Intel today announced its 3rd gen “Cooper Lake” Xeon processors with increased AI capabilities.
The 3rd gen Intel Xeon processors comprise 11 SKUs ranging between 16 to 28 cores and 32 to 56 threads. They carry up to 38.5MB of cache and support ECC DDR4 RAM of up to at 3200MHz.
In terms of core architecture, Cooper Lake is based on Intel’s 14nm node and is an iterative optimization of the Cascade Lake, Intel’s 2nd gen Xeon processors. With improved optimized manufacturing and design, Cooper Lake sees a frequency bump compared to last gen. For example, the newly introduced Xeon Platinum 8380H processor increases the clock speed by 300MHz on both single-core base and boost frequencies, albeit at the cost of raising the TDP from 205W to 250W. But even when comparing the Xeon Platinum 8280 to the Xeon Platinum 8376H, a SKU with 205W TDP, the Xeon Platinum 8376H’s single-core turbo boost is still 300MHz higher.
The launch lineup is divided by their suffix to indicate their memory support. SKUs “L” suffix support up to 4.5TB of memory per socket, whereas SKUs without “L” support up to 1.12TB of memory per socket.
While the “L” suffix marks SKUs with high memory compatibility, all 3rd gen Intel processors have received the “H” suffix. In consumer desktop processors, the “H” suffix designates high-performance graphics, but because Intel Xeon datacentre processors typically omit integrated graphics, it’s not clear what the “H” suffix denotes here.
Like last year, Intel is very much focused on improving the AI performance of its chips. The 3rd gen Xeon processors continue to build on the Deep Learning Boost (DL Boost) feature by introducing brain floating16 extensions and vector neural network instructions (VNNI).

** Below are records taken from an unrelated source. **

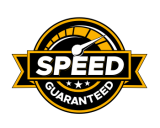 /public/logoimage/1578516887SPEED12.png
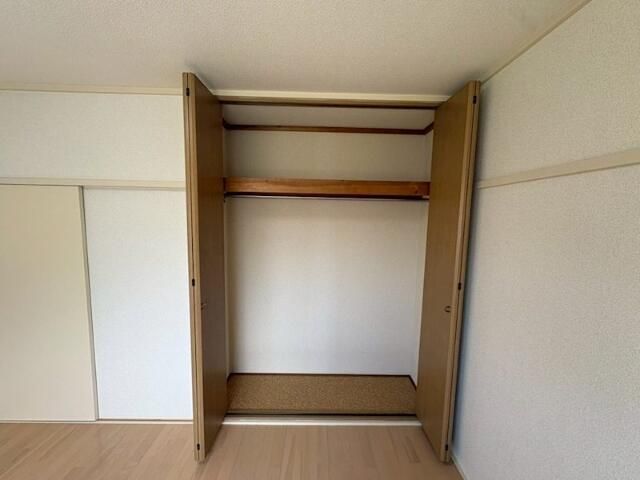 グリーンベル その他14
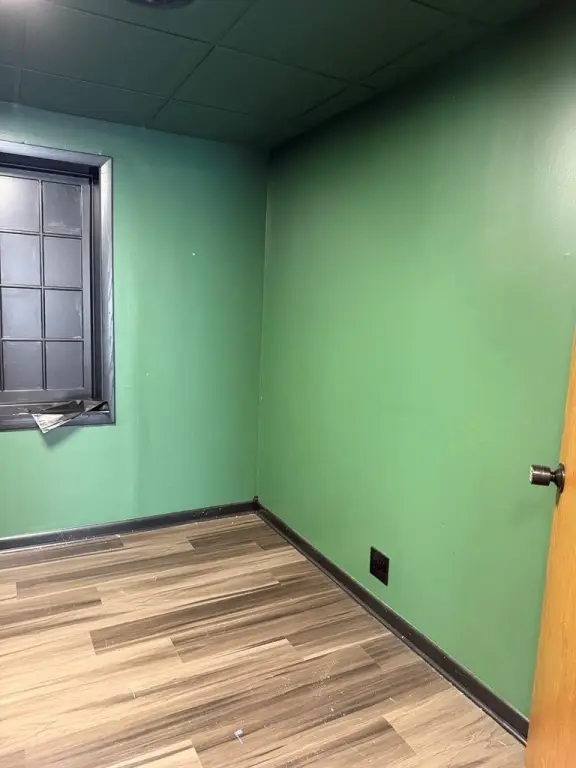 Picture 25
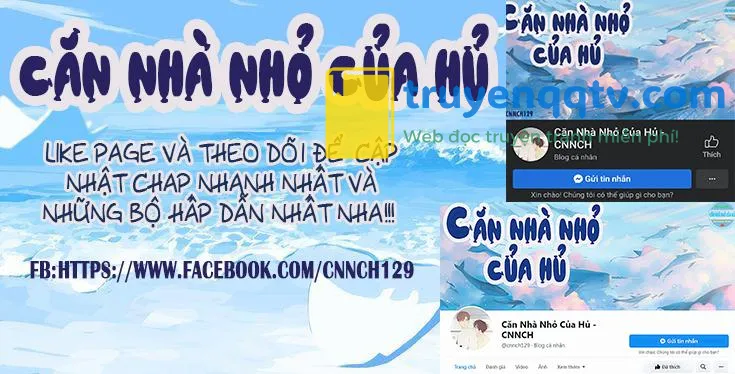 Nguồn Gốc Của Loài Chapter 11 - Next Chapter 12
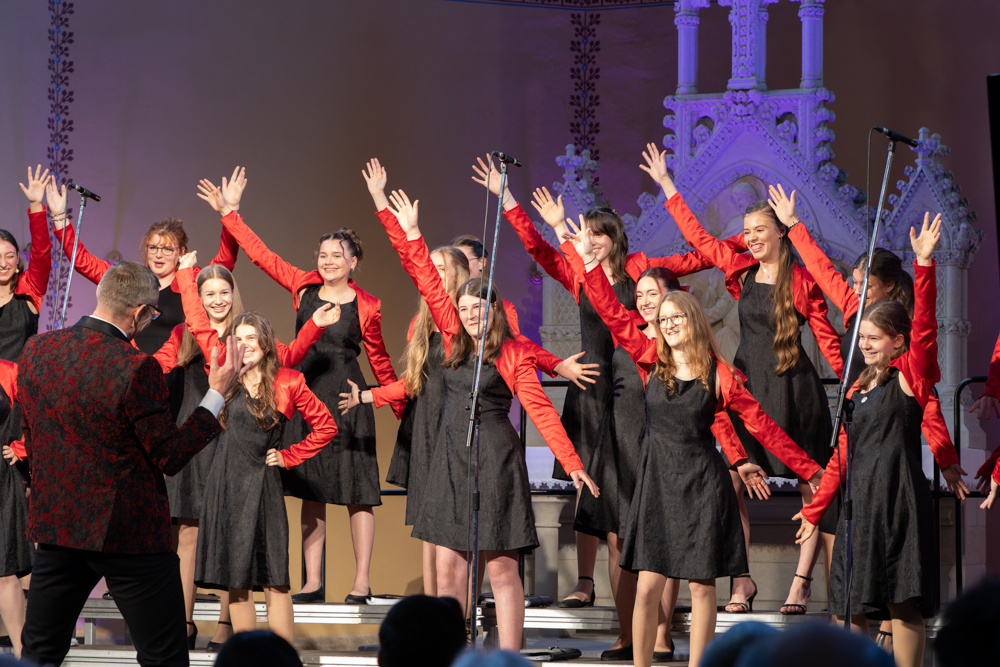 IMG 2431 CR3 DxO DeepPRIMEXD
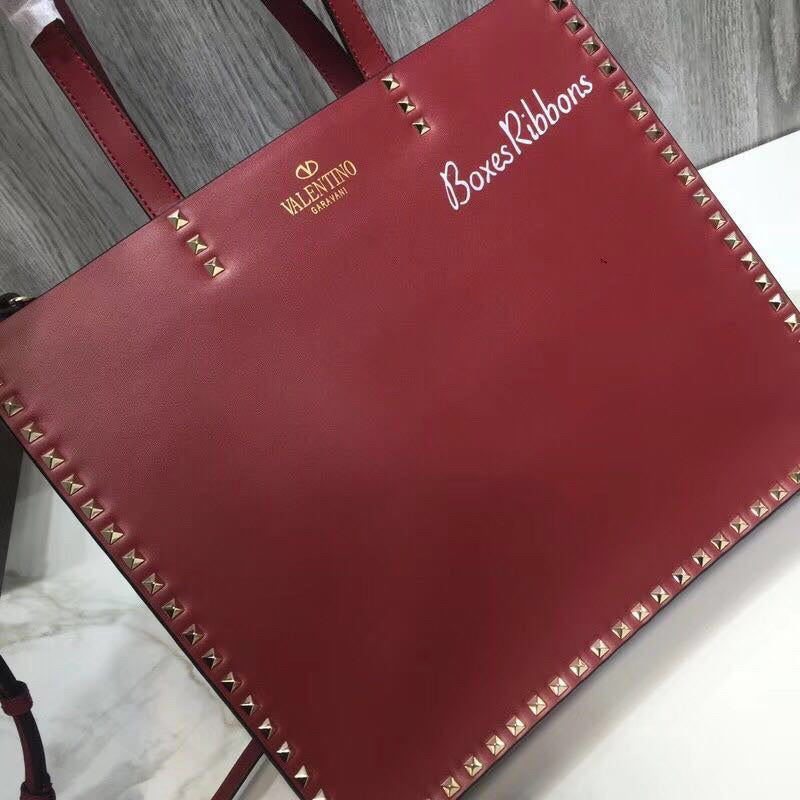 COZY - VEL Lady Bags - 303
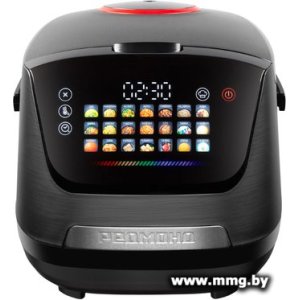 Купить Redmond (Редмонд) MC101 в Минске, доставка по Беларуси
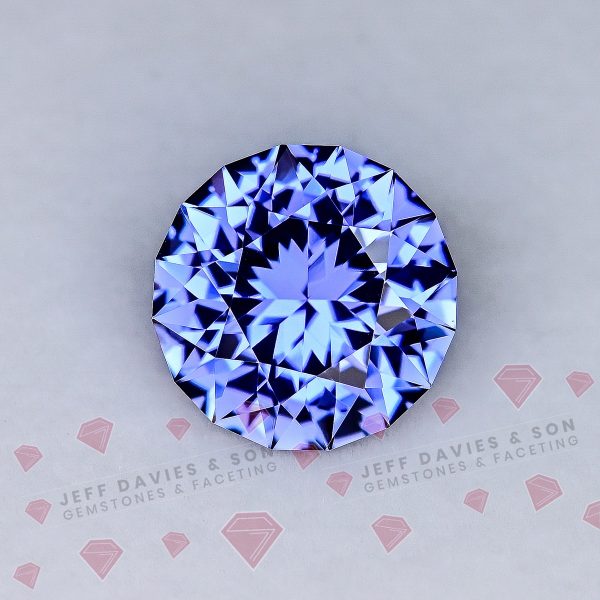 LAB2249aa - Jeff Davies & Son Gemstones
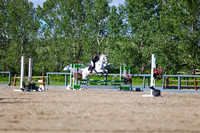 03709 - Mara - 2026 June Classic II - Sunday June 21st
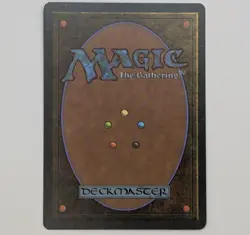 Fyndhorn Elves Magic The Gathering MTG Card Ice Age NM - Image 2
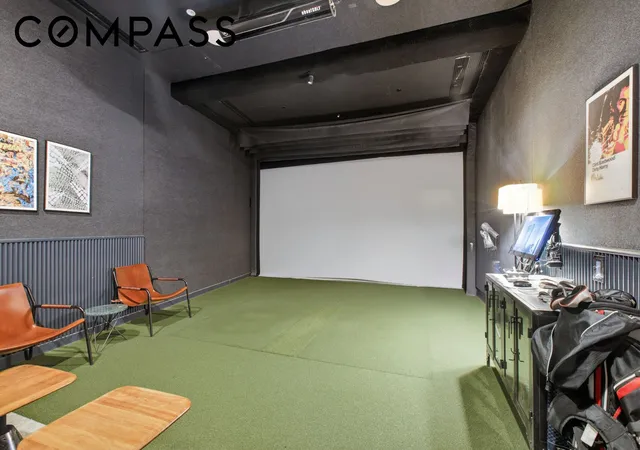 21st image of 11 Hoyt St #14M, Brooklyn, NY 11201 | MLS# RLS20102756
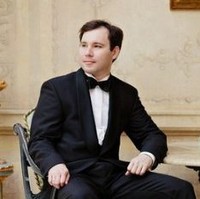 Alexander Kozlov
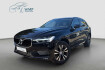 Volvo XC60 Autres Xc60 momentum pro 2wd/polestar/h&k/pilotass./kam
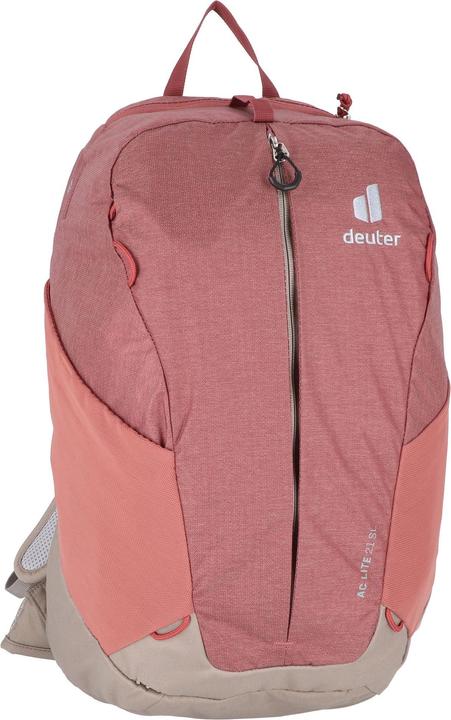 Image du produit Deuter AC Lite 21 (21 l)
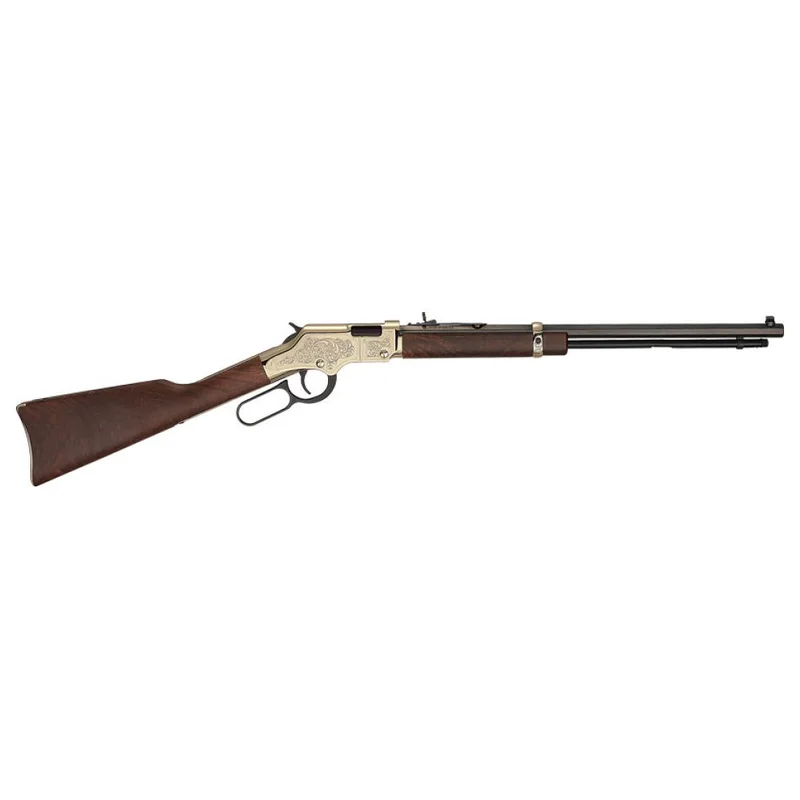 midwestgunworks2026100719075166961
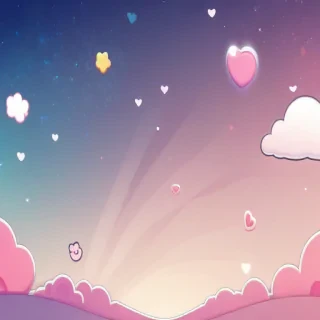 cute background pictures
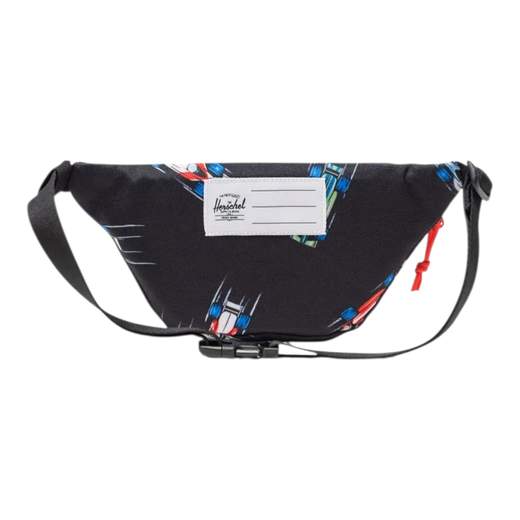 HERSCHEL SUPPLY MARSUPIO BAMBINO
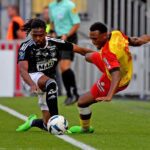Brest vs Marseille Game Preview, Odds, Picks, & Predictions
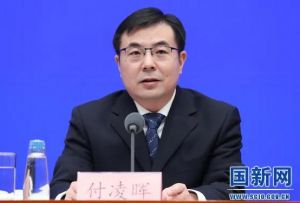 经济回暖！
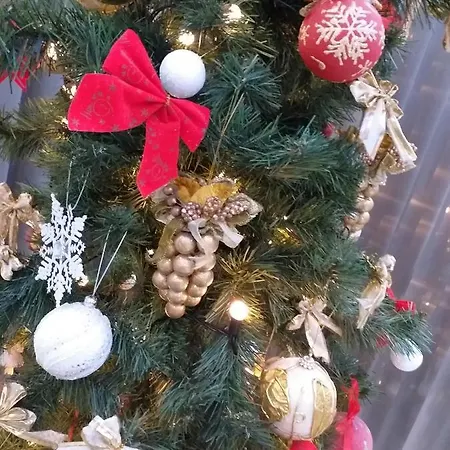 Marsascala Interlace With Free Parking * Marsaskala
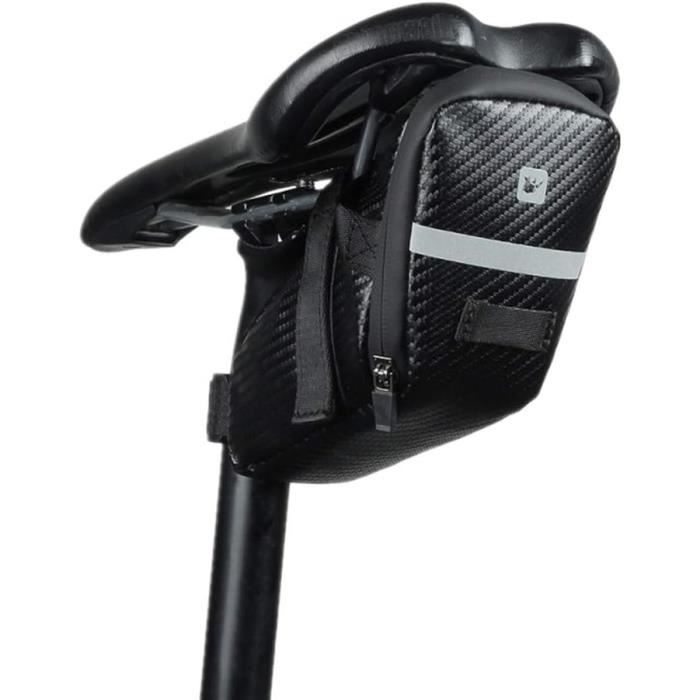 Support Téléphone Moto/vélo KIRZAX - Fixation 360°, Pince Renforcée, Compatible Guidon 20-32mm Et Smartphones 5-7.2 Pouces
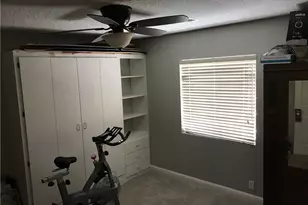 1480 Brentwood, Hemet, CA 92545 - Photo 20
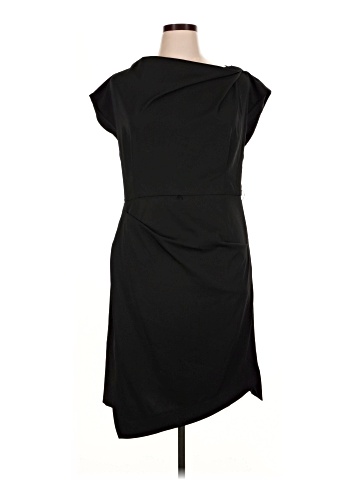 AK Anne Klein Cocktail Dress (view 1)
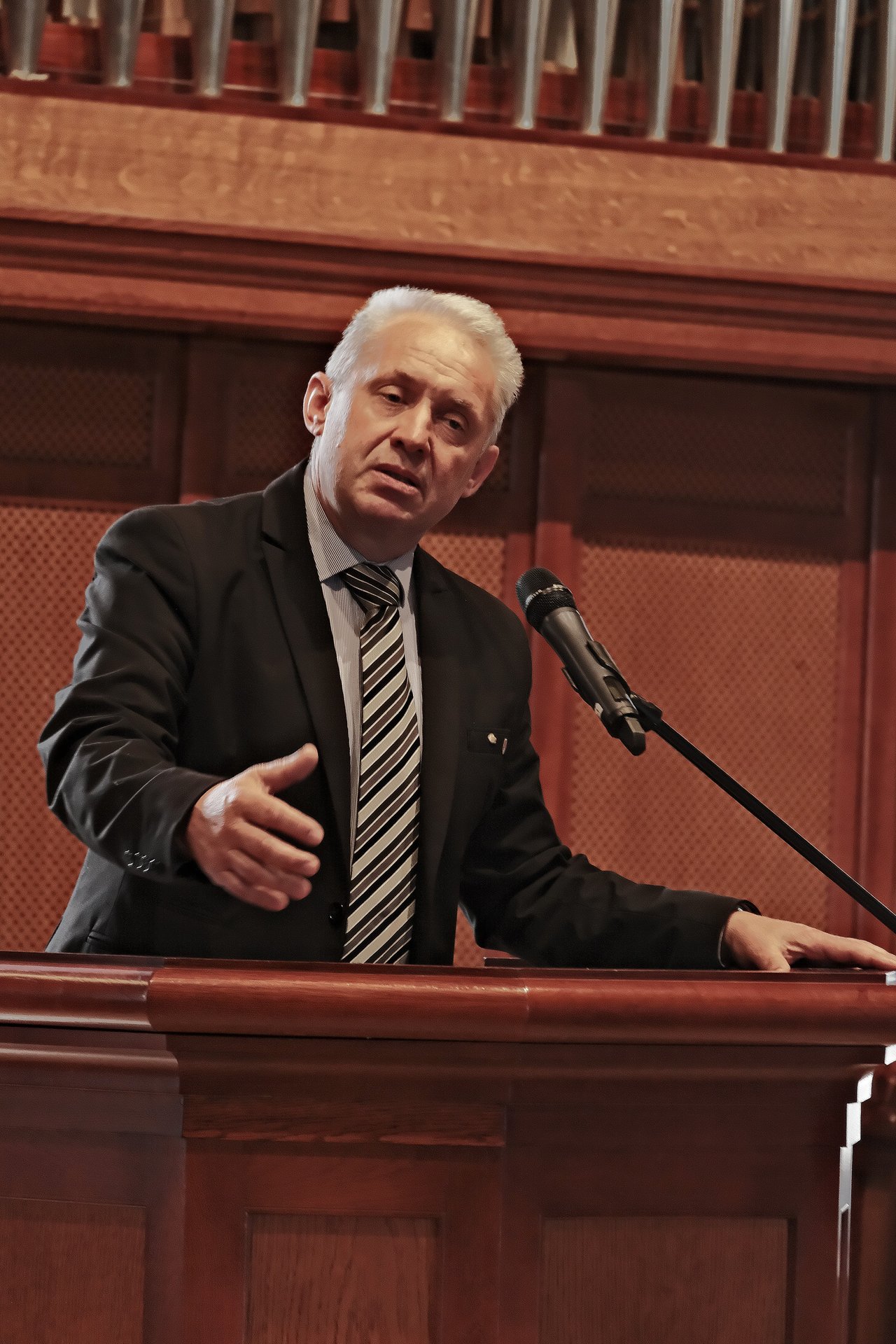 Egyházkerületi nap 2026 20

Bfloat16, or brain floating point 16 numbers, strikes a middle ground between 8bit integers (int8) and 32bit floating-point numbers (FP32), with the former ideal for fast volume processing and the latter for high precision. Due to its length, processing 16-bit floating-point numbers is faster than 32 bit floating-point numbers and more precise than 8-bit integers. Intel said during the presentation that bfloat16 provides nearly the same accuracy as FP32 in AI image inferencing while being just a bit slower than int8. The company expects that bfloat16 requires will require “very minimal” software changes for customers to reap its benefits.
VNNI, on the other hand, are instructions that improve neural network loops. Although it only encompasses a handful instructions, the operations they dictate, mainly ones that multiply two floating-point values together and combining the result in a 32-bit accumulator, is prevalently used in neural networks used for image analysis.
Through Intel’s Ultra Path Interconnect, Cooper Lake processors can be scaled between 4 to 8 sockets. During development, Intel had contemplated the merit of releasing Cooper Lake to dual-socket platforms, but ultimately reversed the decision due to it being too close to the release timing of the Ice Lake Xeon processors, which is expected to land later this year.
Intel claims that the enhanced DL Boost using bloat16 can reach up to 1.98 times higher database performance and provides a 1.9 times performance uplift overall compared to its 5-year-old platform.
In addition to announcing Cooper Lake, Intel also announced that Sapphire Rapids, intel’s next-gen Xeon platform, has completed its powered-on test. Sapphire Rapids will bring Intel Advanced Matrix Extensions, or AMX, for improved matrix calculation performance. AMX specifications will be published later this month for developers.